Каждый из нас написал на память брат – брату. В моем крохотном карманном блокноте Фридрих записал своей рукой:
«На память брату Киму – от брата Фридриха.
Да, мир наш велик и широк,
И в мире так много дорог!
Но каждый из нас выбирает
Только одну из дорог!
Прощай мой брат, прощай родная сторона. Пишите все и все,
хотите – всё будет мило для меня.
Да, пришло время, когда расстаться настала пора. Прожили мы дружно с тобой 18 лет, и теперь расстаёмся, быть может, навсегда. Помни своего брата Фридриха, вспоминай, как вместе с тобой мы жили вдвоём.

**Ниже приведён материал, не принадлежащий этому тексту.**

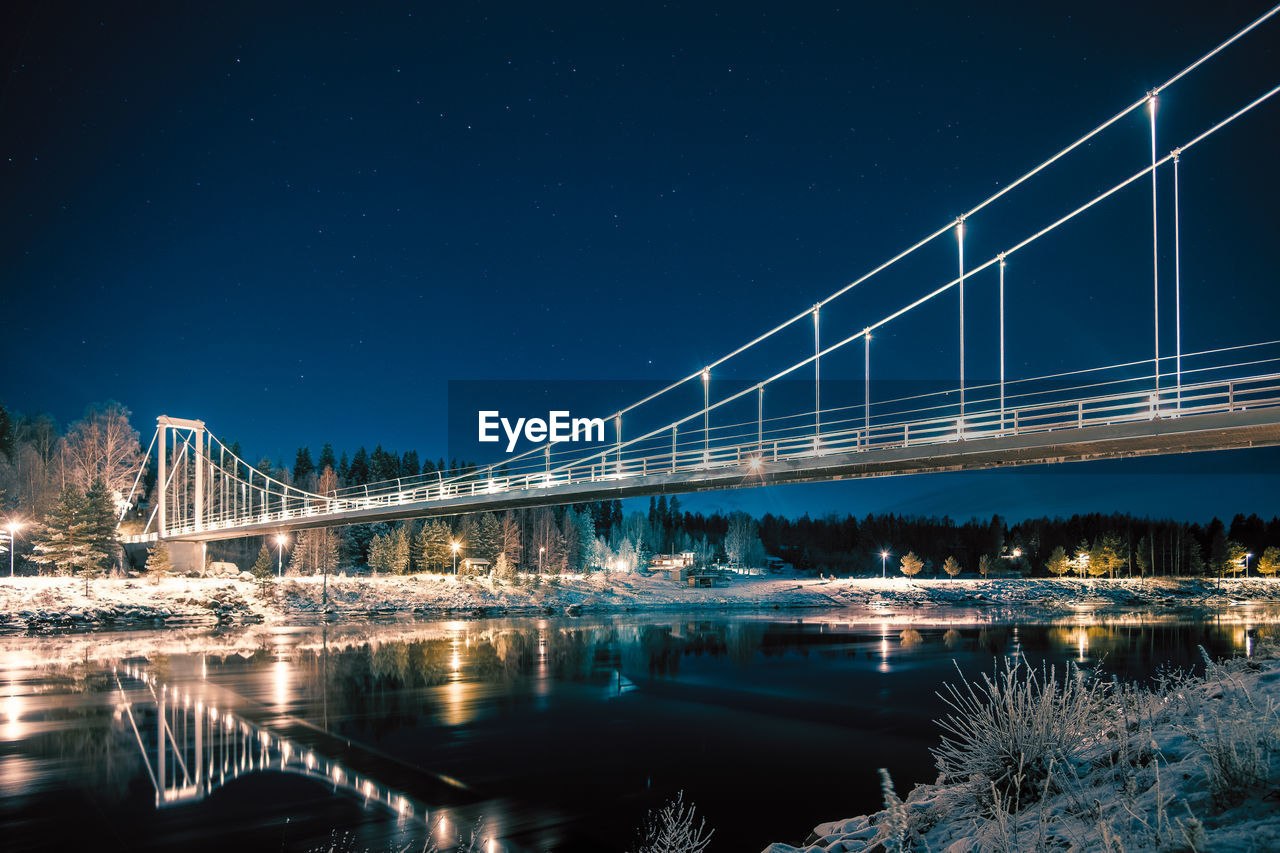 Illuminated bridge over river against sky at night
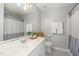 Neutral bathroom with a vanity, a large mirror, and tub and shower with curtain at 756 Rockville Rd, Wake Forest, NC 27587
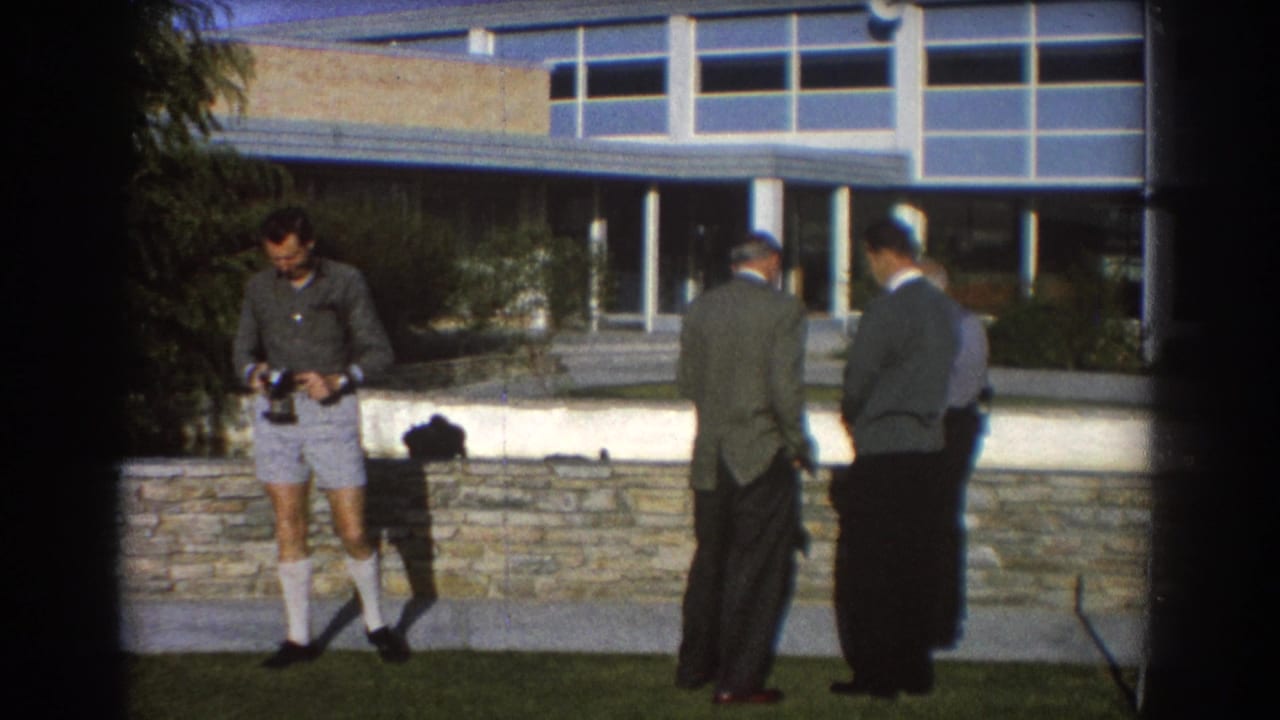 Men standing on a lawn near a stone wall and modern building, with one man holding a camera.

Твой брат И. Фридрих. 1 IV -43 г.
г. Омск. 2 ОВПУ».
На другой день к начальнику училища мы не пошли, и к разговору об этом больше не возвращались.
Мы стоим на воинской площадке, вдоль площадки – эшелон красных товарных вагонов; на площадке молчаливые седые деды, плачущие матери, бабушки. Мы стоим втроём: я, Фридрих и Николай Кабанов. С Николаем мы вместе учились в школе, вместе работали на пристани, в один день были призваны в Армию, и вот они с Фридрихом вместе уезжают на фронт. Нас никто не провожает: около нас никто не плачет, от этого нам легко, свободно и даже весело. Мы недобро шутим: «Давайте побьём кого-нибудь, пусть по нам тоже поплачут».
Эшелон трогается, Фридриха в дверях нет. Он где-то за спинами других. Я зову его. Кто-то в вагоне обращается к товарищам: «Дайте с братом попрощаться». Фридрих пробивается через плотную стену офицеров, стоящих у доски – перил широких дверей. Над плечами других мне видно его круглое, веснушчатое, немного красное от возбуждения лицо, тёмно-рыжий коротко стриженный чуб… Вагон катится и катится мимо, скоро скрывается…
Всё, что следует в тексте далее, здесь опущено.